*** Begin section ***

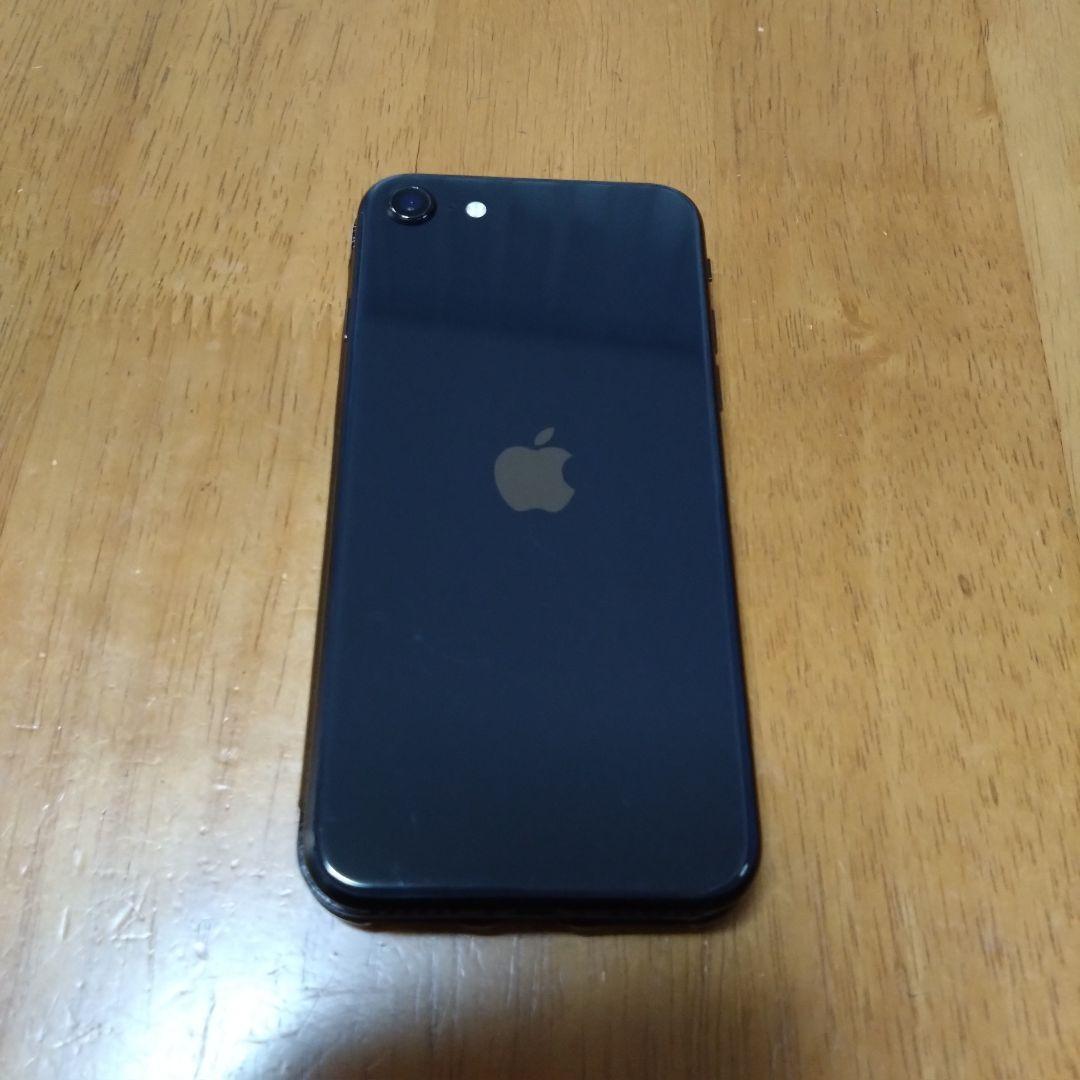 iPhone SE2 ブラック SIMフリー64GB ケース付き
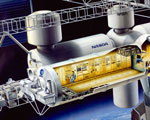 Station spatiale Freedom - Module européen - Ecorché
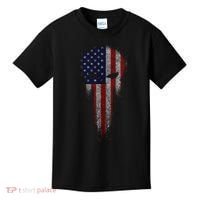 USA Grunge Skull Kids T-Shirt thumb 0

*** End section ***
*** Begin section ***

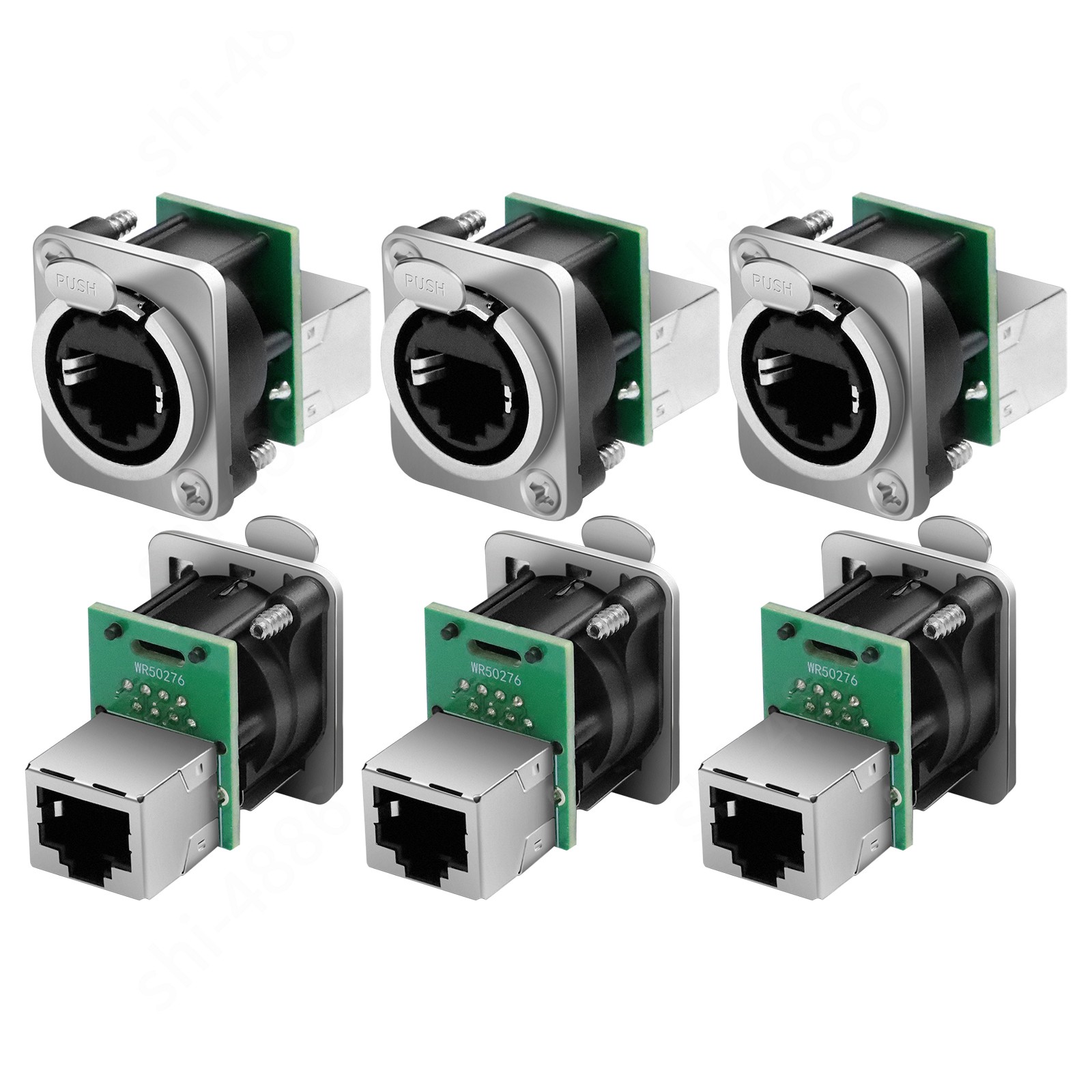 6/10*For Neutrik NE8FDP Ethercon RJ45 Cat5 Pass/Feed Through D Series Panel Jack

*** End section ***

**Exercise requirements:** Reproduce the listing above from the line that holds "Station spatiale Freedom" through the line that holds "USA Grunge Skull Kids T-Shirt thumb 0", both included, with the pictures left out.

**Finished task:**
 Station spatiale Freedom - Module européen - Ecorché
 USA Grunge Skull Kids T-Shirt thumb 0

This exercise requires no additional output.